Thursday, 9 th July 1998, Full Moon, Geria Kepaon
Hundreds of villagers packed the home for the seventh night running, to “share the bad times with Gus Ngurah, as they had shared the good”. Some joined in the family group around the ngawacain circle of Brahmans and priests reciting the Balinese ‘Old Testament’ (interspersed with witty translations); groups of hard core gamblers occupied the main sitting room and most of the courtyard floor, while the outer courtyards, spilling across the river, were filled with chatting, mourners burning the midnight oil like me.
As it was purnama, full moon, a high priest was coming to Sanur to splash the coffin with holy water and bless a table load of offerings to the spirit of the deceased, but it was getting late and there was no sign.
Every half-hour their were updates of his progress — just finishing a tooth filing in Kuta; on his way to marry some Japanese at the Ritz Carlton; splashing the infirm at his house temple.
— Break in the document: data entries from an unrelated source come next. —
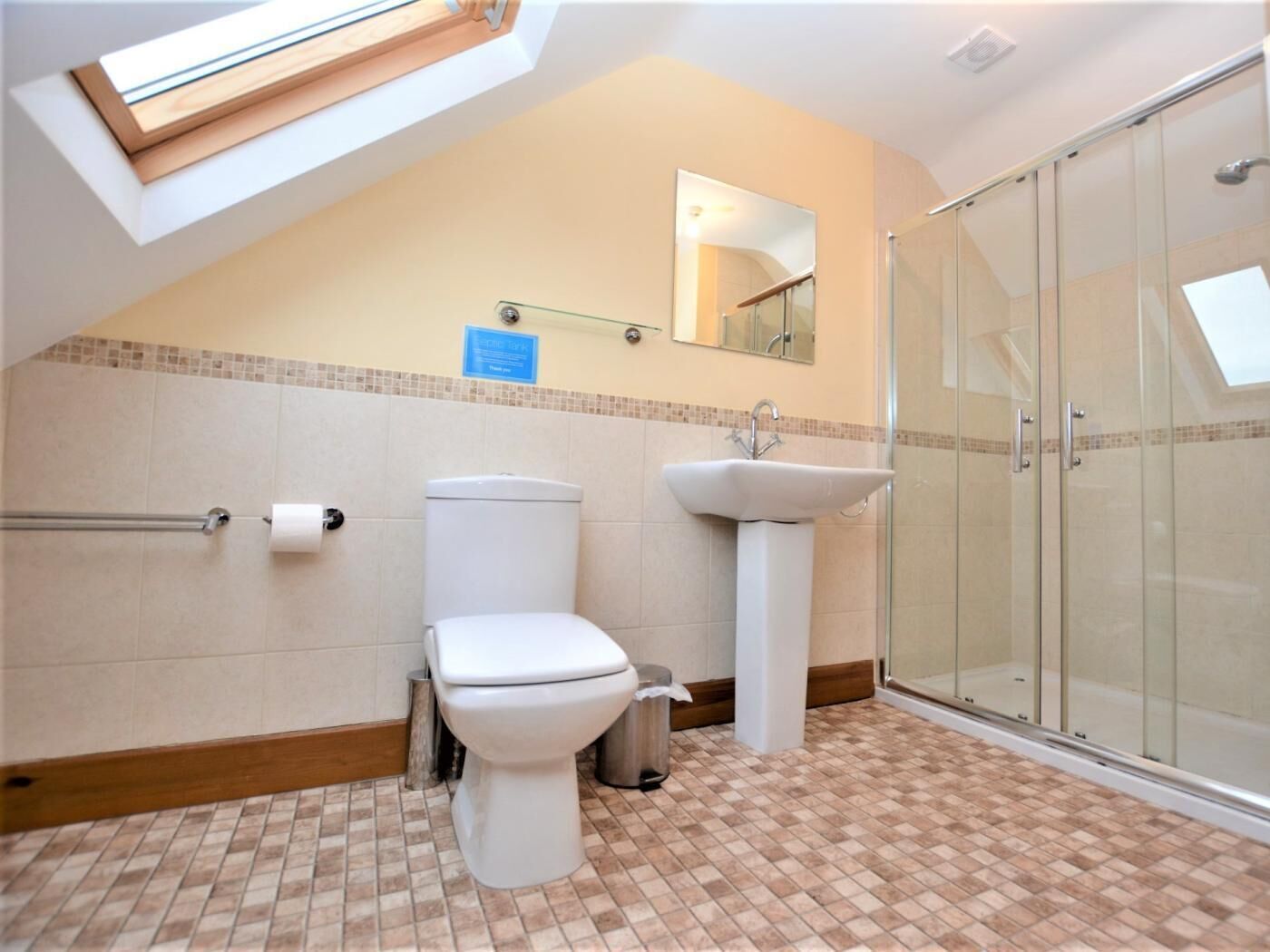 A bathroom with a skylight, toilet, sink, and glass shower enclosure.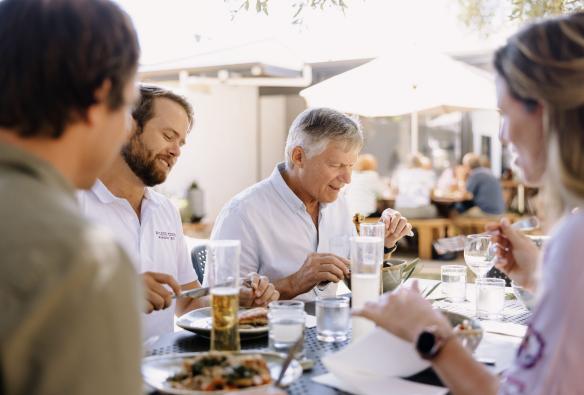 Group enjoying an al fresco meal at Olio Bello, Margaret River, Western Australia © Tourism Australia 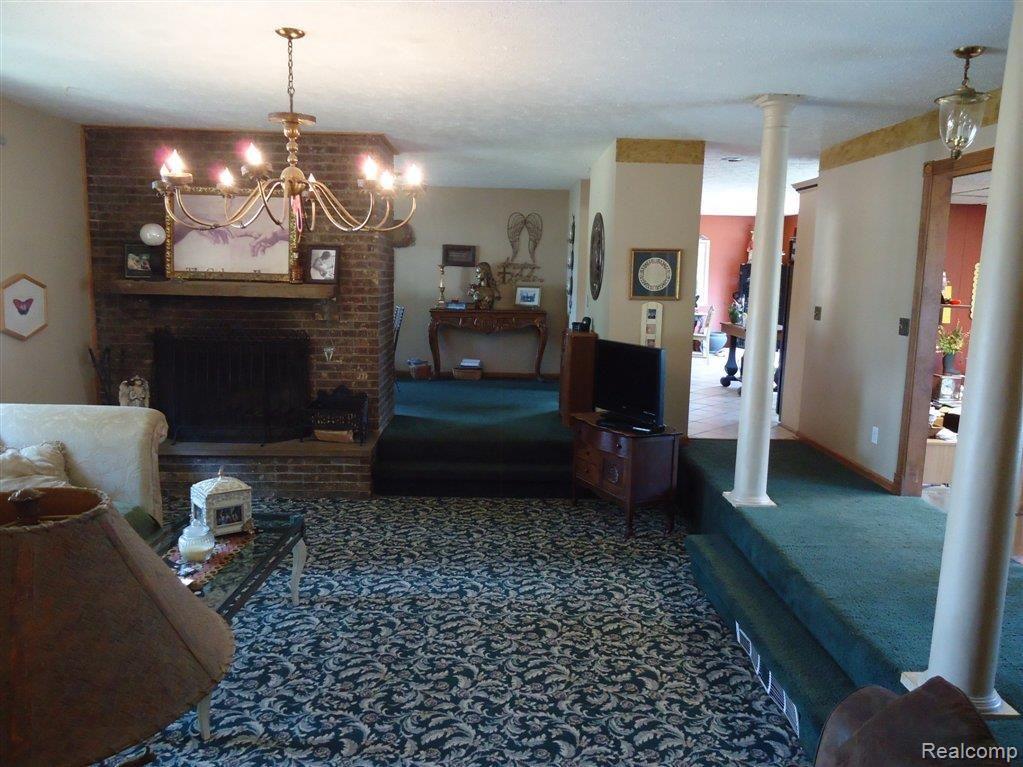 10550 West Sargent Road Fowlerville, MI 48836 - Photo 2 of 22 Formal Living Rm w/Fireplace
How could the intelligence be so precise? “Has he got a two-way radio in his limousine?” I asked.
At midnight the house attendant, who’d been shadowing the high priest as he ricocheted around the suburbs, rang in to say that he was coming home with the holy water as the pedanda was pooped: the widow Dayu, straight backed and masterful, then took charge. A most touching purification rite was enacted with professional prowess.
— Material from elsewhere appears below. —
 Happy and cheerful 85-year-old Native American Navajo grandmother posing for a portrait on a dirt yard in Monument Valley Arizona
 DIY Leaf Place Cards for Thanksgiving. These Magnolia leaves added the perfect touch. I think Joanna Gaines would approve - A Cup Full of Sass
Saturday, 11 th July, The “Ngajum” Ceremony, Geria Kepaon
C - day minus one: everyone was too exhausted from marathon tea-making to feel any grief but today the sense of loss would come crashing back.
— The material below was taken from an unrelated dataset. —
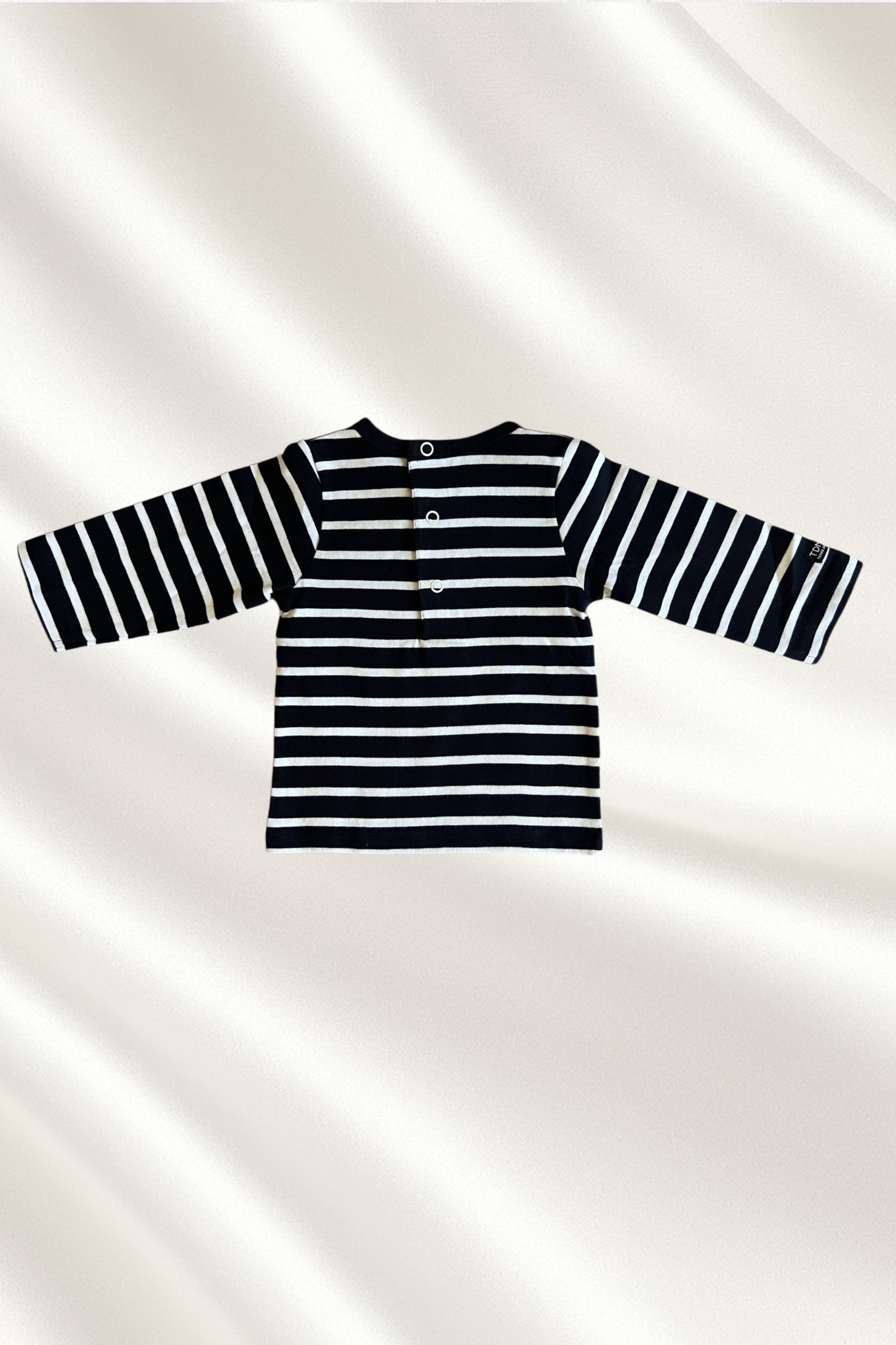 Pull rayé en blanc et bleu marine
I left at 9 a.m. in one car for the Pura Dalem Ganda Maya temple to collect holy water for the cremation rites: another convoy left for Sidemen in Far East Bali, to fetch the pedanda high priest who would officiate. The priest at the Ganda Maya temple, Bali’s oldest Pura Dalem, in the medieval capitol of Gelgel, prepared the holy water and then regaled us with some fabulous stories of the great healing properties of his holy water. The nephew of the last vice-president, Try Soetrisno, no less, had come for help, we were told, and stayed for two years, taking the Balinese name Putu Sastrawan. He told also the pestilence-reducing powers of Sudamala’s cooking pot, now in the possession of Cokorda “Dewa Dangin” Sidemen, Don of the dharma-bunnies and Bali’s most awesome kssatrya.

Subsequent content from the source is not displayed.